Two search engines (Google and Bing) were queried to obtain publicly available informed consent documents from ketamine clinics nationwide. Search terms included “ketamine clinic informed consent” and “ketamine clinic informed consent document(s).” Search results were reviewed, and relevant web links were accessed. Informed consent documents were obtained and examined in detail for content related to pregnancy or reproductive considerations. Specific information extracted included the presence or absence of language about pregnancy in general, additional details about potential risks of fetal ketamine exposure, and any requirements or recommendations for pregnancy testing and/or contraception use during treatment.

Retrospective Medical Record Review

Electronic medical record search tools were used to identify a cohort of patients within a sample of over 3 million unique patients seen within a large academic health system in the midwestern United States. This cohort included all patients who received 1 or more doses of intravenous (IV) ketamine for a primary psychiatric indication that were biologically female and between the ages of 18 and 50 years at the time of treatment. Individual patient charts were accessed to review the details of their ketamine treatment course including schedule and frequency of pregnancy tests obtained and information about contraception use.
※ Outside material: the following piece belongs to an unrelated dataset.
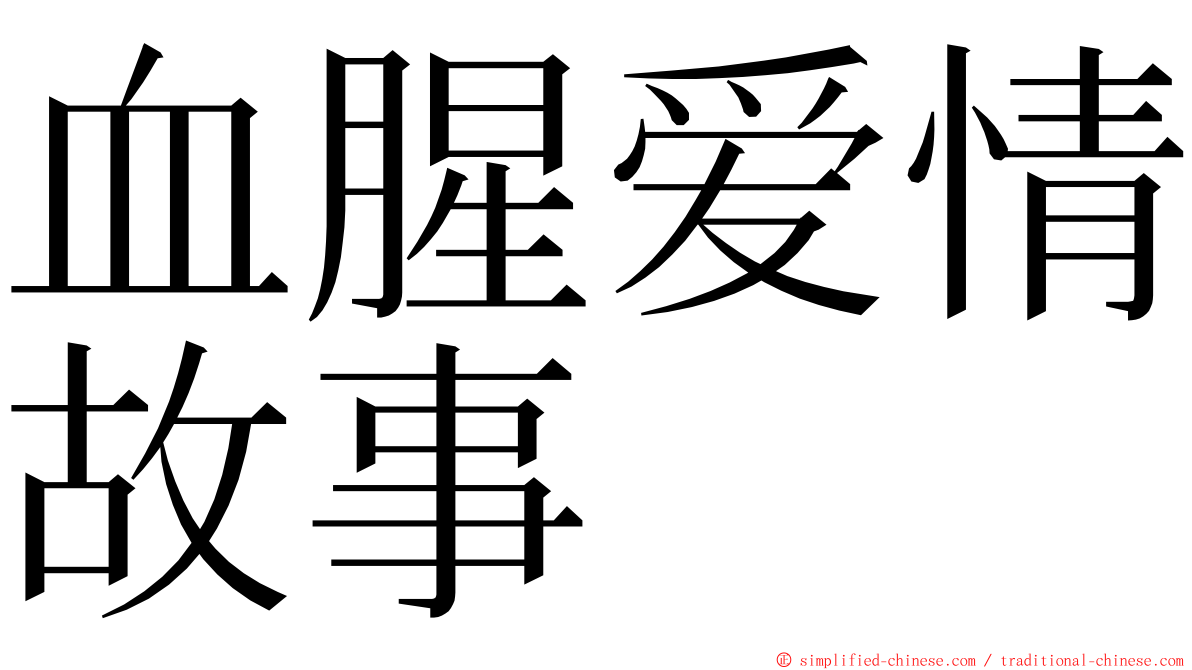 血腥爱情故事 ming font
This cohort included all patients who received at least 1 ketamine treatment within the institution prior to November 2023.

RESULTS

Survey

A total of 126 survey responses were recorded (26% response rate). Responses indicating that a clinic does not prescribe ketamine for at least 1 psychiatric indication were excluded from aggregated data (n = 119). Geographic distribution of respondents corresponded roughly to the population density of each region based on 2022 estimates from the United States Census Bureau with 16.1% of respondents from the Northeast, 22.6% from the Midwest, 35.5% from the South, and 25.8% from the West.²⁷ Respondents estimate cumulatively treating 7,480 individual patients in a 30-day period and report that approximately 33.7% of these patients are premenopausal biological females. Ketamine was most commonly prescribed for the indication of treatment resistant unipolar depression, defined in this survey as a depressive episode meeting DSM-5 criteria for major depressive disorder that has not remitted with adequate trials of 2 or more antidepressant medications. Eighty two percent (n = 88) of clinics report prescribing maintenance ketamine treatment. Of these clinics, 68% (n = 59) report that a typical maintenance course is greater than 6 months, and 43% (n = 38) report that a typical maintenance course is greater than 12 months. Response data from all survey questions directly related to pregnancy or reproduction are detailed in Table 1.
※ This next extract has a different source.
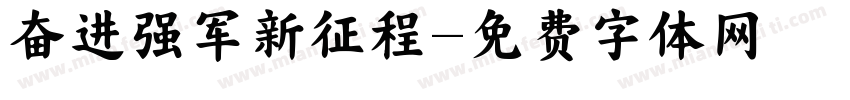 奋进强军新征程字体转换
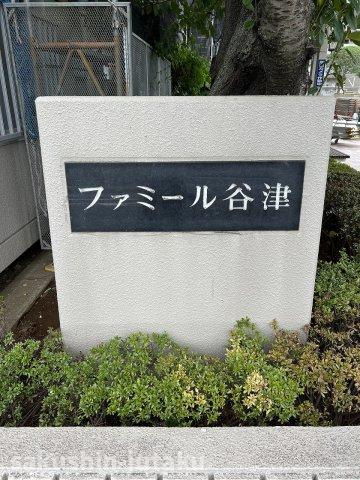 ファミール谷津の外観|ファミール谷津　９階部分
Informed Consent Documents

Search engine queries returned a total of 70 publicly available informed consent documents from US-based ketamine clinics across 33 states, of which 38.5% (n = 27) of these do not include any language about pregnancy or risk of fetal ketamine exposure. Of the 61.4% (n = 43) that do mention pregnancy, 27% (n = 19) explicitly state there are potential risks related to fetal exposure. The remainder state that pregnancy is a reason for exclusion from ketamine treatment or that ketamine use during pregnancy is “generally not recommended.” Sixteen percent (n = 11) mention the option or requirement to obtain a pregnancy test and 14% (n = 10) include a recommendation for contraception use.

Retrospective Medical Record Review

A cohort of 24 patients meeting inclusion criteria was identified. These patients ranged from 24 to 49 years of age with an average age of 32 years. For all patients in this cohort, a pregnancy test was obtained prior to the first infusion and repeat testing was done weekly for the remainder of the treatment course (or prior to subsequent infusions if the dosing frequency was less than weekly). Contraception use was documented in 50% (n=12) of these patients. None of the patients tested positive for pregnancy; however, 1 patient sought emergency contraception after unprotected sexual intercourse during the initial course of twice-weekly IV ketamine infusions.

DISCUSSION

The use of subanesthetic ketamine is becoming increasingly common in psychiatric practice given emerging evidence for efficacy and safety in treating a variety of mental health conditions. The potential effects of ketamine during pregnancy and fetal development, however, are not well understood, and there is limited guidance available about how clinicians should manage reproductive concerns during a course of ketamine treatment. To better understand current practices related to reproduction, an online survey was sent to over 450 outpatient ketamine clinics nationwide. The results of this study indicate a need for increased awareness of reproductive risks in the context of ketamine treatment for psychiatric illness. Clinics surveyed reported collectively treating over 7,400 individual patients with ketamine per month and estimated that a third of these patients were premenopausal biological females. These clinics represent a relatively small sample of approximately 500–750 ketamine clinics in the United States, thus a substantial number of women in the United States are receiving ketamine for psychiatric illness at any given time, and many have the potential to become pregnant during treatment.²⁸ Consequently, the risk of fetal ketamine exposure is an increasingly important public health concern that warrants attention and awareness.

Over 80% of clinics surveyed reported prescribing long term or maintenance ketamine regimens. Of these clinics, over 60% estimate their average maintenance course duration as longer than 6 months and 44% as greater than 12 months. A recent study evaluating the long-term safety and efficacy of intranasal esketamine maintenance treatment for TRD demonstrated a generally sustained antidepressant effect without significant adverse events.⁷ While these findings are not necessarily generalizable to other ketamine formulations or routes of administration, these data support the idea of maintenance ketamine use for TRD, and a large portion of clinics are utilizing ketamine as a maintenance treatment in clinical practice. Though potentially beneficial for psychiatric conditions, long-term ketamine use amplifies the possibility of fetal exposure over time. This risk is compounded as the likelihood of pregnancy increases in the context of psychiatric symptom remission with ongoing ketamine treatment.²⁹ This is distinctly highlighted by the requirement for emergency contraception use during a brief treatment course within the small patient cohort included in this retrospective review. While pregnancy may be relatively uncommon in the context of a short course of ketamine treatment for acute depressive symptoms or active suicidality, the potential for pregnancy should be more carefully considered in the maintenance phase of treatment.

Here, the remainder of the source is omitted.